Several key advantages offered by this standard include the differential receiver, a differential driver and data rates as high as 10 megabaud at 12 metres (40 ft). The specification itself does not set an upper limit on data rate, but rather shows how signal rate degrades with cable length. The figure plotting this stops at 10 Mbit/s.
EIA-422 only specifies the electrical signaling characteristics of a single balanced signal. Protocols and pin assignments are defined in other specifications. The mechanical connections for this interface are specified by EIA-530 (DB-25 connector) or EIA-449 (DC-37 connector), however devices exist which have 4 screw-posts to implement the transmit and receive pair only. The maximum cable length is 1200 m. Maximum data rates are 10 Mbit/s at 12 m or 100 kbit/s at 1200 m. EIA-422 cannot implement a truly multi-point communications network (such as with EIA-485), however one driver can be connected to up to ten receivers.
A common use of EIA-422 is for RS-232 extenders. In video editing studios it is used to link control signals for all video and audio players/recorders to a central control board. Also, an RS-232-compatible variant of RS-422 using a mini-DIN-8 connector was widely used on Macintosh hardware until it was replaced by Intel's Universal Serial Bus on the iMac in 1998.
EIA-422 can interoperate with interfaces designed to MIL-STD-188-114B, but they are not identical. EIA-422 uses a nominal 0 to 5 Volt signal while MIL-STD-188-114B uses a signal symmetric about 0 V. However the tolerance for common mode voltage in both specifications allows them to interoperate. Care must be taken with the termination network.
EIA-423 is a similar specification for unbalanced signaling.

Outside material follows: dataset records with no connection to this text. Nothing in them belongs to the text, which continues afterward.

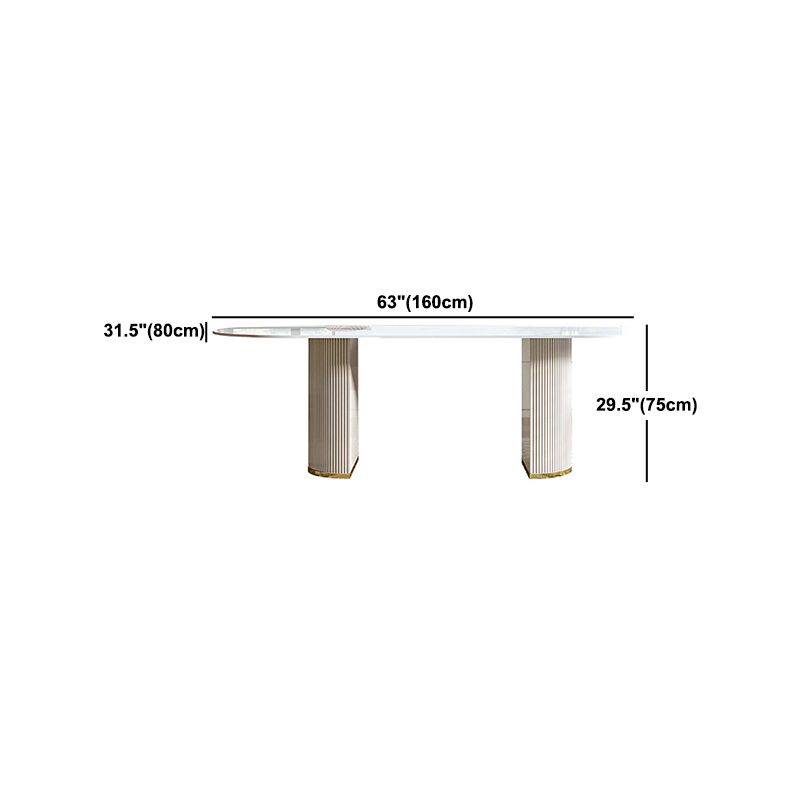 Table à manger en pierre moderne table ovale avec base de traîneau en blanc
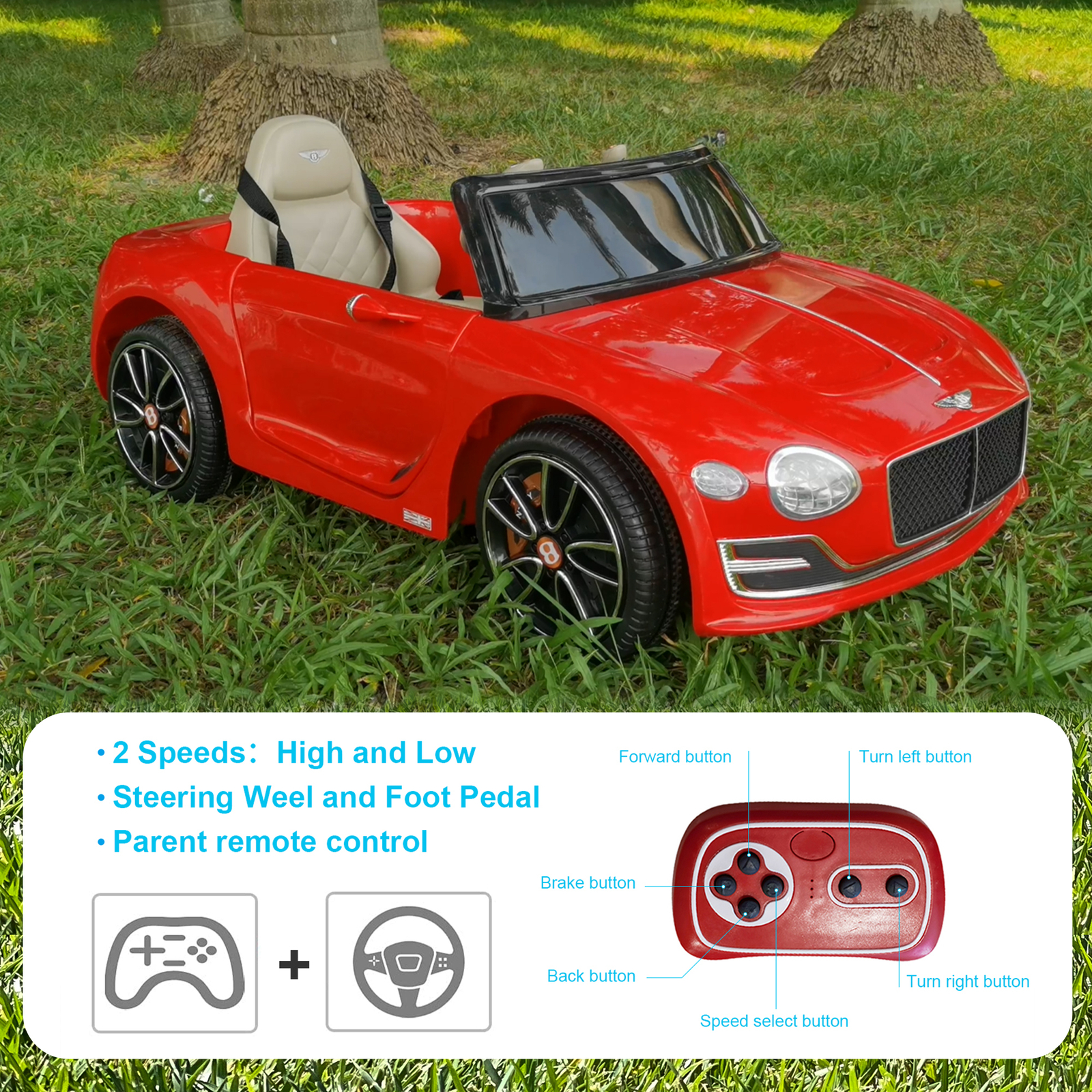 LICENSED Bentley Style Kids Electric Ride On Car Toys 12V 2.4G Remote Control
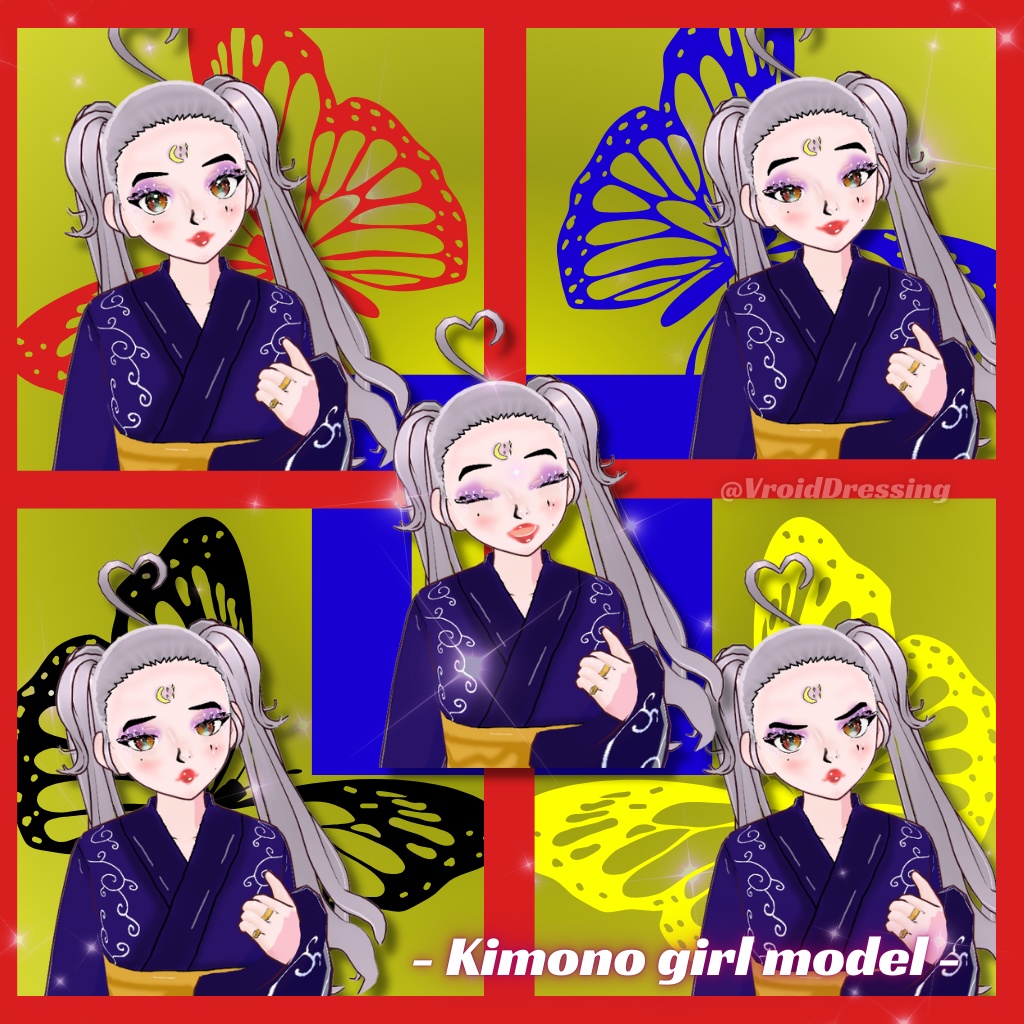 FREE 3D Vroid Kimono girl Avatar VRM model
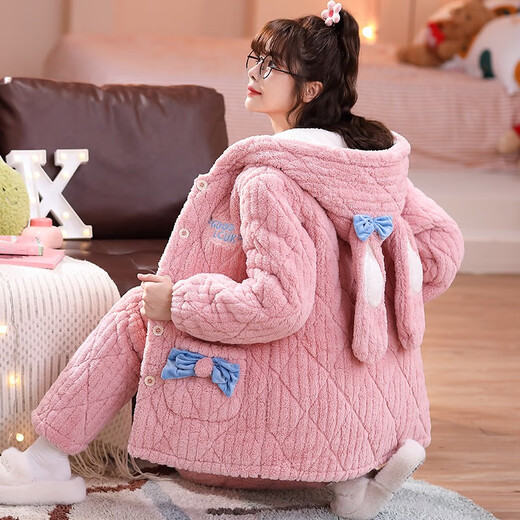 Fengteng Shijia Pyjamas Dreischicht verdickte Baumwollkorallen-Samt warme süße und niedliche Herbst- und Winter-Heimkleidung mittelgroß 9901 Pink M (vorgeschlagen 155-160 cm/75-90jin [Jin gleich 0,5 kg])
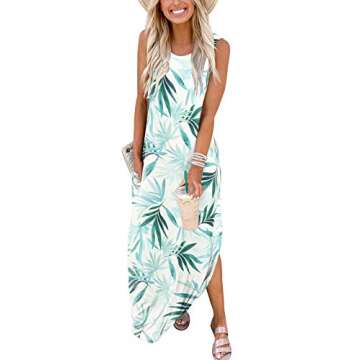 ANRABESS Women Casual Loose Sundress Sleeveless Split Maxi Long Beach Shirt Dress Travel Vacation 20...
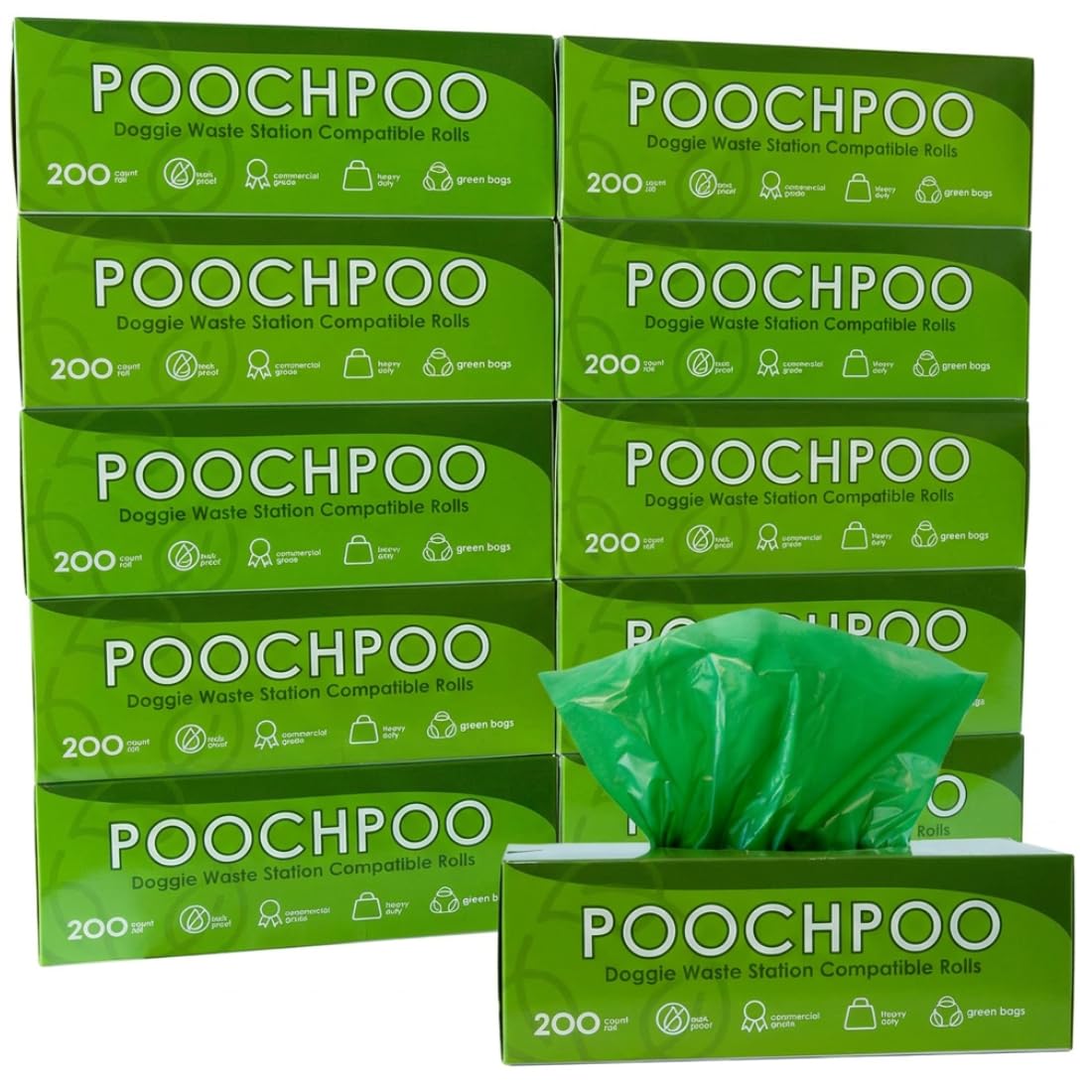 Caja de 2000 unidades Eco-Green Estación de residuos para mascotas, 200 bolsas en rollo (10 rollos) – Bolsas a granel para excrementos de perros – Bolsas de estación de basura para perros –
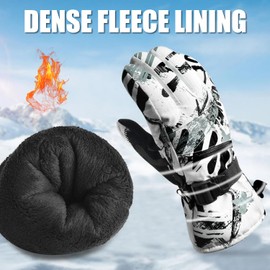 VZVXDW Winter Gloves, Waterproof Thermal Touchscreen Ski Glove, Suit for Ski, Cycling, Hiking, Driving, Typing, Freezer Work (White, Large)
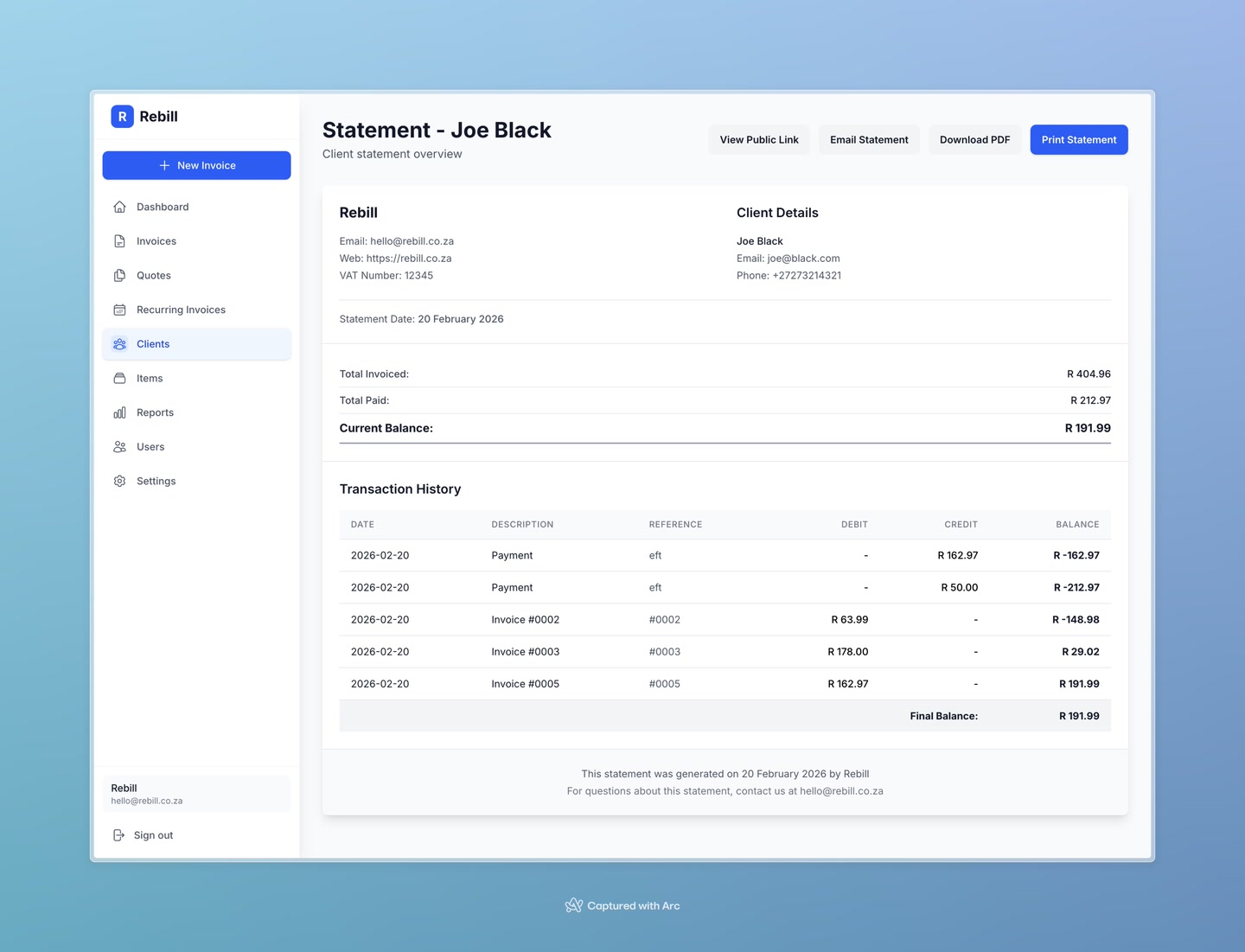 client full statement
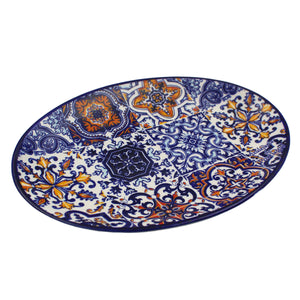 Portugal Tile Azulejo Themed 8" Oval Platter, Serving Platter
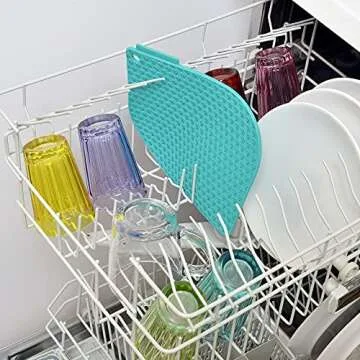 Charles Viancin - Honeycomb Silicone Pot Holder - Withstands Temperatures up to 220°C / 428°F - BPA-Free, Plastic Free, Food-Grade Silicone - Dishwasher Safe - Turquoise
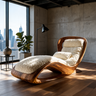 Lioren Handcrafted Sculpted Solid Wood Chaise Lounge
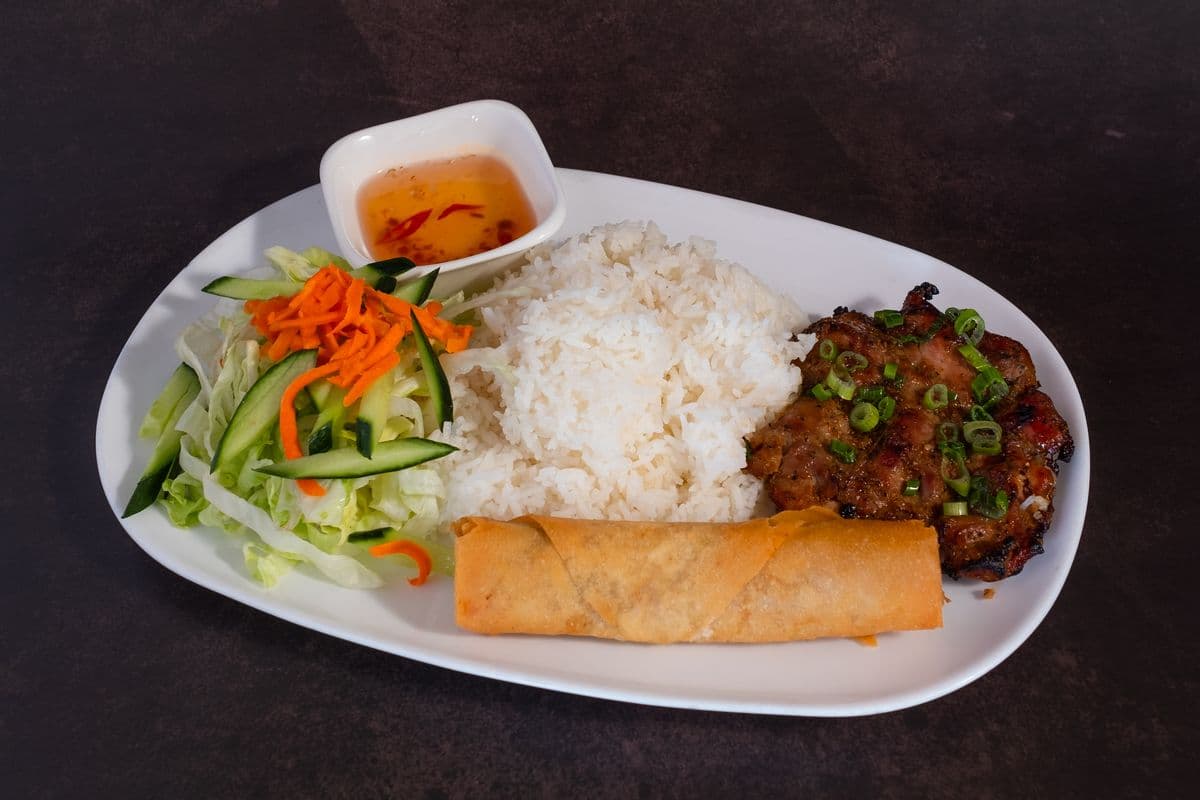 C3. Grilled Chicken Fillet and Fried Roll with Rice - Com Ga Nuong Cha Gio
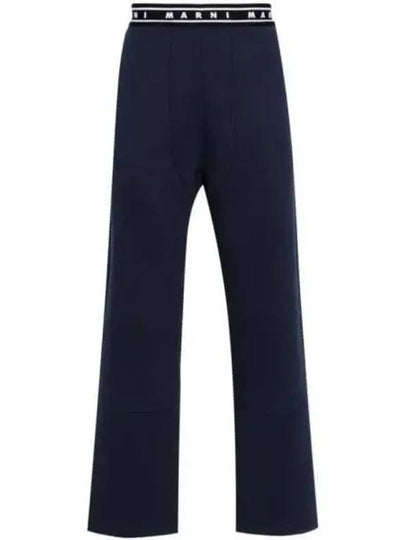 Logo Waistband Jersey Cotton Straight Pants Navy - MARNI - BALAAN 2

When used in relation to communications wiring, RS-422 wiring refers to cable made of 2 sets of twisted pair, often with each pair being shielded, and a ground wire. While a double pair cable may be practical for many RS-422 applications, the RS-422 specification only defines one signal path and does not assign any function to it. Any complete cable assembly (i.e. with connectors) should be labeled with the specification that defined the signal function and mechanical layout of the connector, such as RS-449.